Quote:
Originally Posted by Johnny Rotten
It depends on who you ask and where you get your information. Some people quantify the subject in terms of the Drake Equation and Fermi's Paradox, and are content with keeping the topic well within philosophical or mathematical constraints.
Take Von Neumann machines, for example. In this hypothesis, a given civilization sends out self-replicating devices. These devices, in multiplying, each branch out in different directions. The end result is a geometric spread that covers a given space, like a galaxy, within ten thousand years. The size of the space is finite while the devices replicate, so it takes only one civilization and one self-replicating probe to blanket an enormous expanse. Given the results of the Drake Equation, it is highly likely that this phenomenon has already occurred in our own cosmic neighborhood.
|
The 10,000 years is questionable -- but if it takes 1000 years to move to a nearby star, 20% of probes that are sent make it and find suitable material to produce an industrial base, 10,000 years to bootstrap from a probe to an industrial base capable of producing a probe every 1000 years, and the industrial base collapses after an average of 10,000 years...
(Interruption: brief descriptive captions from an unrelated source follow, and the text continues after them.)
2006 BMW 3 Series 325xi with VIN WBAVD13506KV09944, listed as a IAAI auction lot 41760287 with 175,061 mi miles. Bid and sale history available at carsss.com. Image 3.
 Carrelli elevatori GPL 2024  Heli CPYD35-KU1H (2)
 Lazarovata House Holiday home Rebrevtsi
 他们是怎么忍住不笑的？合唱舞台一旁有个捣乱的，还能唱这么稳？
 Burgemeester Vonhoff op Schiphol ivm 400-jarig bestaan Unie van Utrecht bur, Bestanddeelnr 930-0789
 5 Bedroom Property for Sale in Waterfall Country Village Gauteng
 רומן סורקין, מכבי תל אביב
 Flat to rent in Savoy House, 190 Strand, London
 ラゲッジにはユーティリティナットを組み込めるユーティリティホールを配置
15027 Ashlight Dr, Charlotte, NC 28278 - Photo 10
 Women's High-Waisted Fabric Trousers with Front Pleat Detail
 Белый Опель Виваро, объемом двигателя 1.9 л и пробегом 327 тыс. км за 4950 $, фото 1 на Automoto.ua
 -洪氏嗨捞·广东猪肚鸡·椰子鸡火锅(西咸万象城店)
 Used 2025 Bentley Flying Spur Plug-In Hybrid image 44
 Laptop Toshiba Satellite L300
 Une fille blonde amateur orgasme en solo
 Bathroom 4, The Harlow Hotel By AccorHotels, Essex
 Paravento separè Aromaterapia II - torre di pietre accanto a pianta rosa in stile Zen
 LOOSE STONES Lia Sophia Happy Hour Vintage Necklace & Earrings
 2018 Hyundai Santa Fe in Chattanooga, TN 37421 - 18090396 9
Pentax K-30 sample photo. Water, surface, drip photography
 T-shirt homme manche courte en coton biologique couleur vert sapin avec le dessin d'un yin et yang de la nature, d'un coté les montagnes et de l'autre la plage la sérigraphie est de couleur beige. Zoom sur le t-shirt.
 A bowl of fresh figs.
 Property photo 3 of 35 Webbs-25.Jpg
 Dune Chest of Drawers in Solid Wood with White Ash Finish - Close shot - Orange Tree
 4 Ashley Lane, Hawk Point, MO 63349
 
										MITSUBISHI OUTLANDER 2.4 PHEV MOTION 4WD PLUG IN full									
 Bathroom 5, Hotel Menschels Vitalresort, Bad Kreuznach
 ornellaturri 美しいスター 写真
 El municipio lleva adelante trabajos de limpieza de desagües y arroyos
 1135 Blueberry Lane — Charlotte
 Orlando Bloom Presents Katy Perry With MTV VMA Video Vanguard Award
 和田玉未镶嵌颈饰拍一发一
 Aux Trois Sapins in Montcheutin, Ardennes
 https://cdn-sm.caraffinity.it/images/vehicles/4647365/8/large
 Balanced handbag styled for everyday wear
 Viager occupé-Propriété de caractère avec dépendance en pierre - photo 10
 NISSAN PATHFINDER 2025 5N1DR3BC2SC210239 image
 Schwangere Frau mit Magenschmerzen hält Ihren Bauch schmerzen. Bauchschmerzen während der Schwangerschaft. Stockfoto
Then every 21,000 years the number of probes double.
There are about 100 billion stars in the milky way, which is less than 2^30. That means it takes less than 630,000 to have as many probes as there are stars in the milky way.
The universe is on the order of 10 billion years old. So this is 0.00000063% of the lifetime of the universe -- the blink of an eye.
So what are the odds that an intelligent, spacefaring race would be more advanced than us, but not sufficiently more advanced than us that they have already colonized the entire galaxy?
Of course, the above math could be tweaked -- what if it takes 1 billion years to bootstrap from a probe to an industrial base capable of building probes?